Stored data entries
^^^^

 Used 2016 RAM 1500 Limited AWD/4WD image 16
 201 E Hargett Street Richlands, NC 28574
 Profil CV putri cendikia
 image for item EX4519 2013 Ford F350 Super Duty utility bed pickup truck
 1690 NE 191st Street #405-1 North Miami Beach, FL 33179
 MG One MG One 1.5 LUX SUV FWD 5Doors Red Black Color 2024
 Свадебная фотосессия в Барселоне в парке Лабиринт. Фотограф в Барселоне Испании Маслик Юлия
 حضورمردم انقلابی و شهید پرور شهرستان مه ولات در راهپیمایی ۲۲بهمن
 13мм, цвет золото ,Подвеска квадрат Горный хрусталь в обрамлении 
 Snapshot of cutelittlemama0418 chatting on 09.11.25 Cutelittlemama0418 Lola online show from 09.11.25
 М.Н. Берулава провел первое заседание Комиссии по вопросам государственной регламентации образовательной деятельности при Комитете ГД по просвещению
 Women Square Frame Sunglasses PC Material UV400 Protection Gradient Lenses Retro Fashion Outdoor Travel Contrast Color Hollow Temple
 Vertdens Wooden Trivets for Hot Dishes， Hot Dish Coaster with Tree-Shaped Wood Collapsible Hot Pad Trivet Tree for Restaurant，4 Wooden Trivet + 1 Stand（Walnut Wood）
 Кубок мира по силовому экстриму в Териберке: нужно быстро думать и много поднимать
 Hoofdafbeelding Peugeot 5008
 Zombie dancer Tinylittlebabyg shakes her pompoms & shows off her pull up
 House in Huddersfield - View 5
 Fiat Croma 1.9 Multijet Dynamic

^^^^

* [To do]
Above are the records. Copy the lines beginning at the one that has "MG One MG One" and ending with the one that has "13мм, цвет золото", unchanged.

* [Answer space]
 MG One MG One 1.5 LUX SUV FWD 5Doors Red Black Color 2024
 Свадебная фотосессия в Барселоне в парке Лабиринт. Фотограф в Барселоне Испании Маслик Юлия
 حضورمردم انقلابی و شهید پرور شهرستان مه ولات در راهپیمایی ۲۲بهمن
 13мм, цвет золото ,Подвеска квадрат Горный хрусталь в обрамлении 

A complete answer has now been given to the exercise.